Sehr geehrte Frau Präsidentin! Liebe Kolleginnen und Kollegen! Das im April 2008 in Kraft getretene Kinderschutzgesetz hat bundesweit Beachtung gefunden. Mit dem ersten Kinderschutzbericht können wir heute zwei Jahre später feststellen: zu Recht.
Bei fünf Minuten für einen detaillierten Bericht zum Stand der Umsetzung des Kinderschutzgesetzes bleibt hier im Plenum nur der Blick auf einige Schlaglichter, die wir dann im Ausschuss vertiefen sollten.
Vorab möchte ich auch von der Parlamentarierseite zwei Worte des Dankes sagen. Zum einen bedanke ich mich bei den Autoren dieses Kinderschutzberichtes, die aus vielfältigen Blickwinkeln Bemerkungen gemacht haben, die zur Weiterentwicklung der Regelungen und der gelebten Praxis beitragen können und sollen.
Mein zweiter Dank gilt den Mitarbeiterinnen und Mitarbeitern der Jugendämter und des Allgemeinen Sozialen Dienstes in den Kreisen und Städten.

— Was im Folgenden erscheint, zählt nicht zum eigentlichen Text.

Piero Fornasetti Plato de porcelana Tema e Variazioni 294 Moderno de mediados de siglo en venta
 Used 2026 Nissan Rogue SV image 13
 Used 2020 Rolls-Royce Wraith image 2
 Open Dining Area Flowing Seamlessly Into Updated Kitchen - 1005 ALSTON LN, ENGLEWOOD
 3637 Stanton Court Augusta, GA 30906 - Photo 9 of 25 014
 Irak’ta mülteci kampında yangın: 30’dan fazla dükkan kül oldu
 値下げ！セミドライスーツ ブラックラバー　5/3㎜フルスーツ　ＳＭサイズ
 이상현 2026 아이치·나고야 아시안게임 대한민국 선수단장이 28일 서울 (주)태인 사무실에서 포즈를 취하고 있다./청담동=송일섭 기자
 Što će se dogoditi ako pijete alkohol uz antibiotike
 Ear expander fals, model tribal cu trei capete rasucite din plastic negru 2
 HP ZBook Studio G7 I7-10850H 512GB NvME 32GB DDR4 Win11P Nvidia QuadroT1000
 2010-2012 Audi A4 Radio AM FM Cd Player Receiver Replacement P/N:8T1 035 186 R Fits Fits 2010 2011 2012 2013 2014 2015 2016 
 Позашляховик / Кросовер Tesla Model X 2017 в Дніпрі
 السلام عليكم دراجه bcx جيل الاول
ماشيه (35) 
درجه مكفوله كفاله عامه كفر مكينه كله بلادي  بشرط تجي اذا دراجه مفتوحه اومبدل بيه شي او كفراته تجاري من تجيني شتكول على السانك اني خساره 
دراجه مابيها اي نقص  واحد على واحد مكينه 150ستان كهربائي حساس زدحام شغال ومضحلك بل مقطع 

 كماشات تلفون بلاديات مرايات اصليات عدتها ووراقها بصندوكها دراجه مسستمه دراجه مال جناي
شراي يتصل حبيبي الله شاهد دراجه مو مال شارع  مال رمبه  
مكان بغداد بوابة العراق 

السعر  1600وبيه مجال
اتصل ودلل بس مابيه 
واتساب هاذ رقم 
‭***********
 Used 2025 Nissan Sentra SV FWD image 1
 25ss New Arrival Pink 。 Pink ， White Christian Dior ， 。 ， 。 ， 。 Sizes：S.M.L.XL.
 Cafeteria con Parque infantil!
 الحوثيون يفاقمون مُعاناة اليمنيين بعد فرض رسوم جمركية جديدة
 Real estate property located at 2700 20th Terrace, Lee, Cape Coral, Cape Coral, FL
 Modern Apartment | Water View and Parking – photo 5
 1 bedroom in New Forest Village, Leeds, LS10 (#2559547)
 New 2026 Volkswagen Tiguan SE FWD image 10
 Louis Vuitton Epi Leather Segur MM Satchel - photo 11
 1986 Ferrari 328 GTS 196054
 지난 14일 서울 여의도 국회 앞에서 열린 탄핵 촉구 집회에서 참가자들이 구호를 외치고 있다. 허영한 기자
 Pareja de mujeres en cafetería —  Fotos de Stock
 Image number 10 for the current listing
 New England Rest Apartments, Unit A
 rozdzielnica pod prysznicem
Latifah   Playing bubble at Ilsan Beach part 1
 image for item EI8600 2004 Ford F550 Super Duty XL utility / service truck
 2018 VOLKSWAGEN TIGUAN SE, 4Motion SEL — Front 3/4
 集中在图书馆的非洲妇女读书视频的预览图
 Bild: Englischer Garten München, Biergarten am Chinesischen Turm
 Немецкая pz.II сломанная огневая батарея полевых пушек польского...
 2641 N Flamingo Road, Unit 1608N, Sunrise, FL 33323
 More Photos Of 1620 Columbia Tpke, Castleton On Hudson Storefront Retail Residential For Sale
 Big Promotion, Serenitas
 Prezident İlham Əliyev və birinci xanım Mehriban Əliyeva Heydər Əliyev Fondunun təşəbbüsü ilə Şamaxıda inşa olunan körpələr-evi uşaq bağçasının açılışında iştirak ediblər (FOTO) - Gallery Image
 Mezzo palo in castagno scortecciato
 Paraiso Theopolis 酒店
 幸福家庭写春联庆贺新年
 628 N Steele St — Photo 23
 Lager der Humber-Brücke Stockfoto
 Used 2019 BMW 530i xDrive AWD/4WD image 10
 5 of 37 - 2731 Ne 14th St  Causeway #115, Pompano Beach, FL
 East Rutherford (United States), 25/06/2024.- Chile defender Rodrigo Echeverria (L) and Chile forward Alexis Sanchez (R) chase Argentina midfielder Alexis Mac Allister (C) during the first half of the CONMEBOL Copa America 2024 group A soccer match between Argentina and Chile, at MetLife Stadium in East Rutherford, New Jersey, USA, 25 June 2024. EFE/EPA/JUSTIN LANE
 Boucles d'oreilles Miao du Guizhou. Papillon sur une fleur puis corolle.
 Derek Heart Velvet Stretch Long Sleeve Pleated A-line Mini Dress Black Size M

Die Jugendämter sind von ihrem Auftrag her die wichtigste Schlüsselstelle zur Feststellung von Kindeswohlgefährdungen. Gleichzeitig stehen die Mitarbeiter immer in Spannungsfeldern und haben deswegen Dank und Rückendeckung verdient. In diesen Dank schließe ich ausdrücklich alle Akteure in den sozialen Netzwerken und auch in den Kinderschutzzentren ein.
Der vorliegende Bericht ist ein Anfang, wie es die Autoren zutreffend feststellen. Die Bewertungen sind aufgrund der Zeitvorgabe von acht Monaten zwischen Inkrafttreten und Beginn der Berichterstattung angemessen vorsichtig. Da dies eigentlich noch der Bericht für die 16. Wahlperiode ist, haben wir hoffentlich noch die Chance, gegen Ende dieser Legislaturperiode auf breiterer Daten- und Erfahrungsbasis weiter zu diskutieren.
Das erste Herzstück dieses Gesetzes sind die Früherkennungsuntersuchungen im Zusammenhang mit dem verbindlichen Einladungswesen. Der erste benannte Mangel ist die immense Zahl an Fehlmeldungen und Falschmeldungen. Hier sind die auch in Bericht und Stellungnahme erwähnten Maßnahmen schnellstmöglich umzusetzen. Dies muss insbesondere deswegen zeitnah geschehen, weil sonst die nötige Akzeptanz verloren ginge. Ich habe aus einzelnen Kreisen auch durchaus gehört, dass die Anfangsschwierigkeiten nicht überwunden, doch bereits gemildert sind. Gleichzeitig dürfen wir nicht vergessen, dass hier ein immenser Aufwand betrieben wird. Deswegen bin ich sehr dankbar für den Vorschlag, auch den effektiven Nutzen für die Kindergesundheit zu evaluieren.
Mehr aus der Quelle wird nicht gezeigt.